Review content in AWS RDS walkthru for comparison and cost information
Time requirement:
~30 mins
Prerequisite:
VPC with public subnet.
Knowing your IP Address to create security group with limited access
Create EC2 Instance using latest AMI and preferred hardware type (t2.micro suitable for demo)
- in AWS EC2 Console, click “Launch Instance” button
- Add Name, select Amazon Linux
- provide key pair name - or create new pair if-needed (chmod 400 if newly created)
- Select Network Settings to pre-created VPC and Public Subnet
- verify “Auto-assign public IP” is “Enabled”
- if option is unavailable, VPC does not have public subnet
- Allow SSH traffic from “My IP” in the drop-down. (optional, but recommended)
- Launch Instance in lower right button
Deploy Postgres-17 install and expose ports
- Connect to your EC2 Instance
- ssh -i {pem file} ec2-user@{ec2 DNS name}
- Create prerequisite postgres directories
sudo mkdir /var/lib/pgsql/
sudo chown postgres:postgres /var/lib/pgsql/
- Identify latest supported version of PostgreSQL:
sudo yum search "postgres"
- Install postgres software
sudo yum install postgresql17-server.x86_64
- Initialize database:
sudo /usr/bin/postgresql-setup --initdb
- Use Amazon Linux commands to start/enable datbaase:
sudo systemctl start postgresql
sudo systemctl enable postgresql
sudo systemctl status postgresql
- Create credentials for initialized database:
sudo su - postgres
psql -c "ALTER USER postgres WITH PASSWORD '{new_password}';"

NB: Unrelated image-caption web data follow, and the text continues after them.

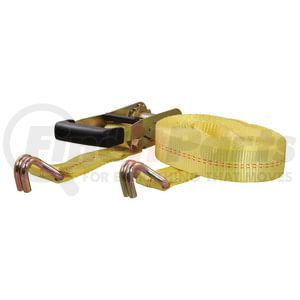 83047 by CURT MANUFACTURING - 27ft. Yellow Cargo Strap with J-Hooks (3;333 lbs.)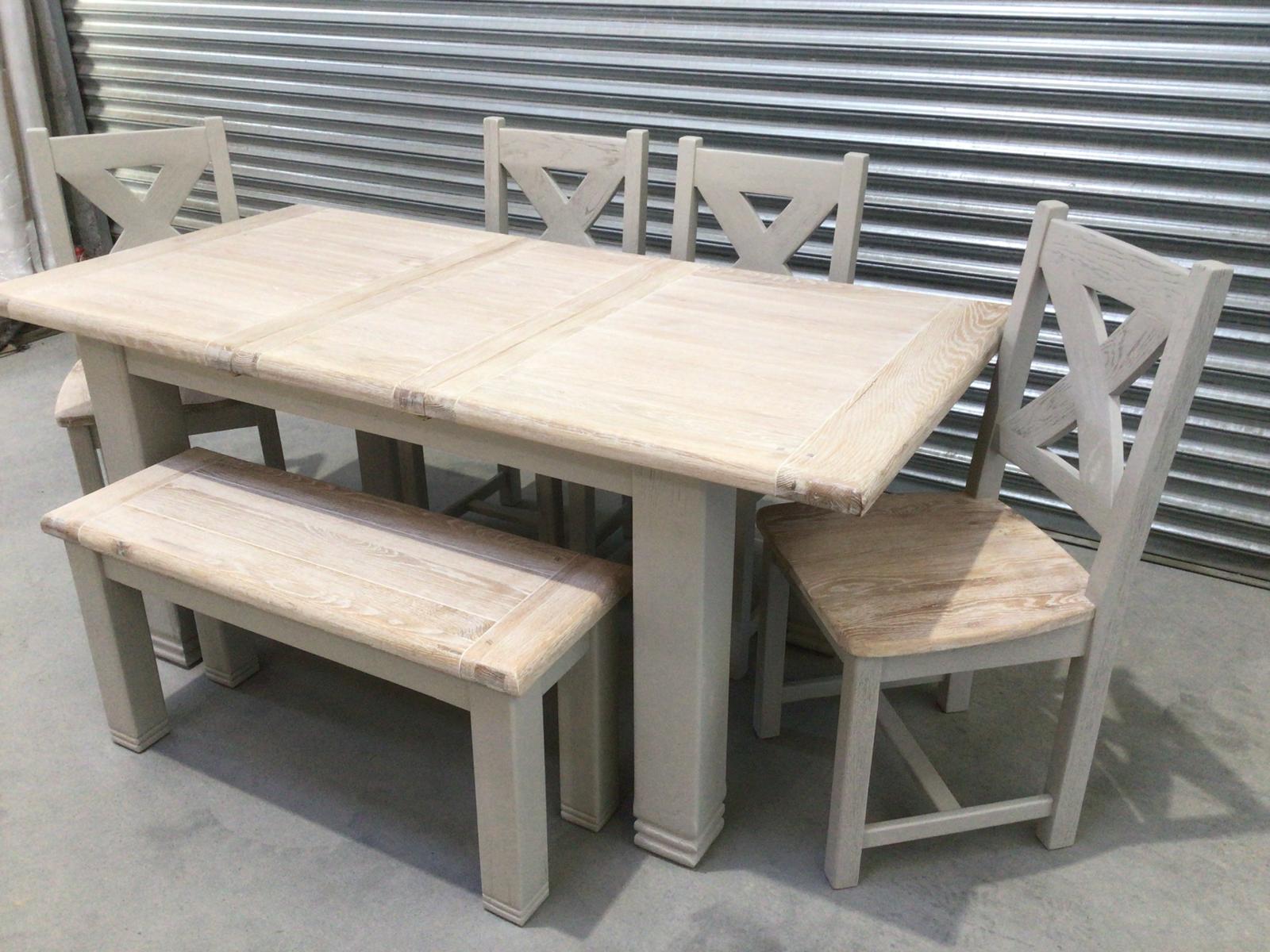 Danube Oak 1.4m Ext Dining Set painted Oyster - Display Model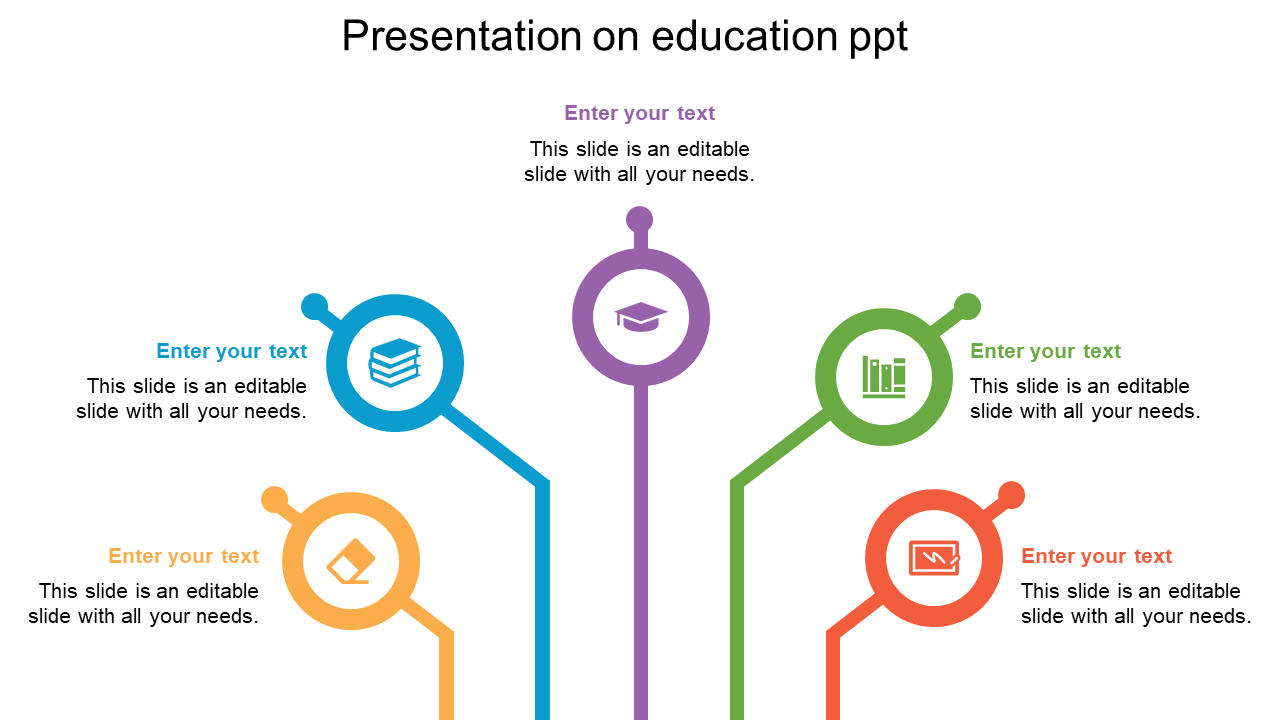 Education PPT slide featuring colorful icons with captions and placeholder text on a white backdrop.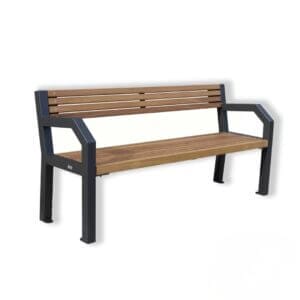 Bank voor buiten met stalen frame en hardhouten latten met een lengte van 180cm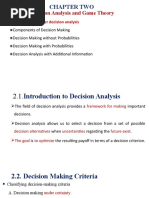 Decision Analysis and Game Theory: Chapter Two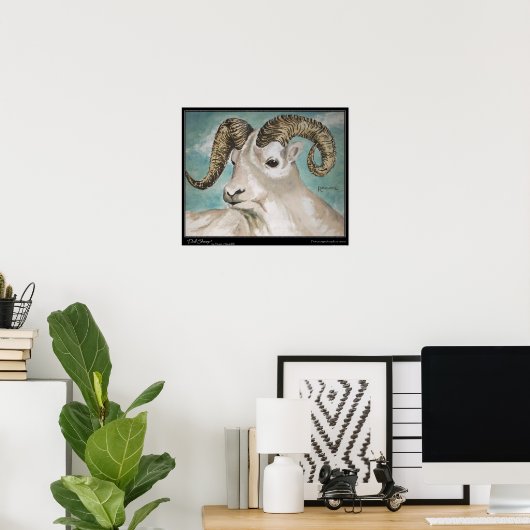 Dall Sheep Print, Waarde Poster Papier (mat) (Thuiskantoor)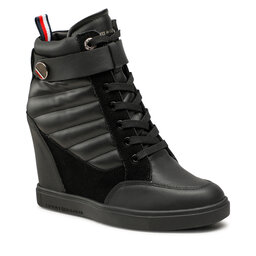 Tommy Hilfiger Sneakers Tommy Hilfiger Wedge Sneaker Boot FW0FW06752 Black BDS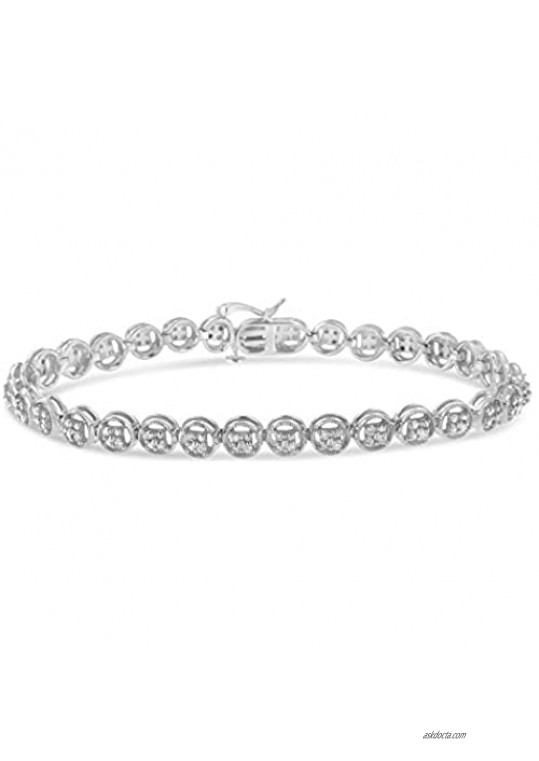 .925 Sterling Silver 1/4 Cttw Diamond 7" Open Circle Wheel Link Tennis Bracelet (I-J Color  I2-I3 Clarity) - Choice of Metal Color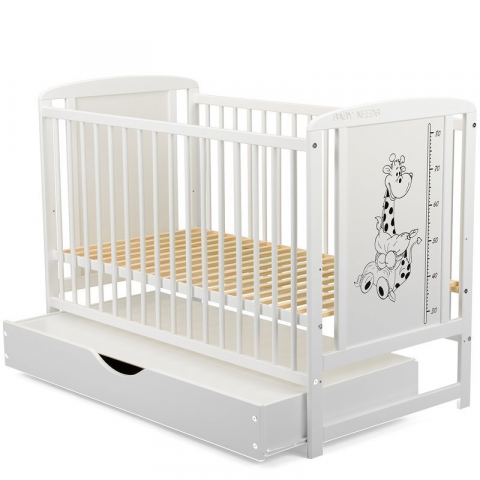 Patut din lemn bebe, 120x60 cm, Cu sertar cu capac, Din lemn de pin si mdf, Stabil si rezistent, Inaltime saltea reglabila pe 3 nivele, Laterala cu 3 bete detasabile, EN716-1, EN716-2, Alb, Babyneeds, [9]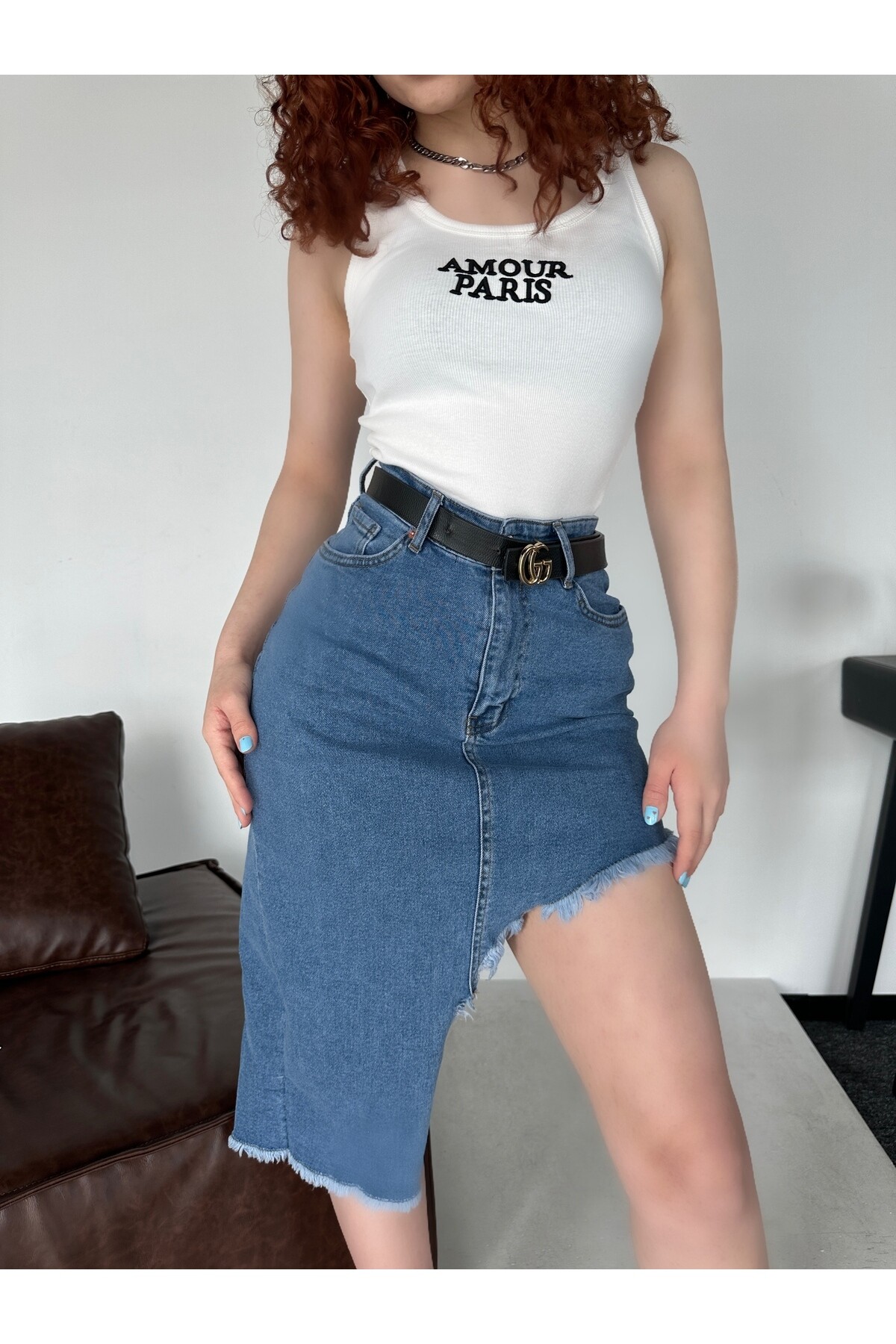 Kadın Orjinal Marka Yandan Yırtmaçlı Denim Etek  Koyu Mavi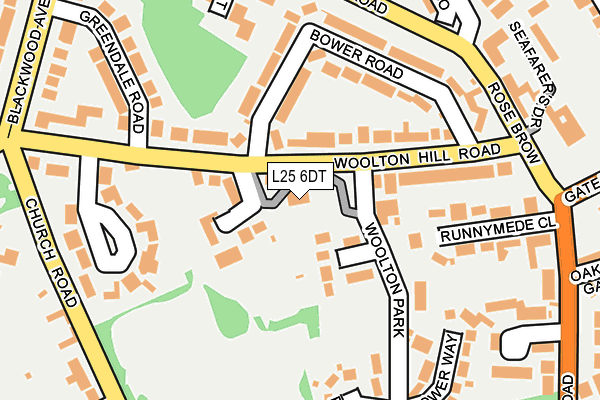 L25 6DT map - OS OpenMap – Local (Ordnance Survey)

Update listener/postmaster to accept external connections
- Update default listen_address from localhost to accept IPv4 connections:
vi /var/lib/pgsql/data/postgresql.conf
- update listen_addresses = ’localhost’ to *
vi /var/lib/pgsql/data/pg_hba.conf
- update ipV4 to 0.0.0.0/0 md5
- Restart postgres to process updated files:
sudo systemctl restart postgresql
If connections fail, verify VPC security groups
- Select the security group associated with your newly created VPC most likely the last, or longest-named group ID
- Edit inbound rules to add Postgres port 5432
- Click “Add Rule” > Type > PostgreSQL > Source: My IP
Route table for the VPC may also require whitelisting port 5432
Connection and further maintenance
In my example, I was provided the endpoint used to connect as:
psql -h database-1.cvf3het7fmyg.us-west-1.rds.amazonaws.com -U postgres
Cleanup EC2 resources
Using EC2 console, check running instance name and use “Instance state” > Terminate
Termination may take several minutes.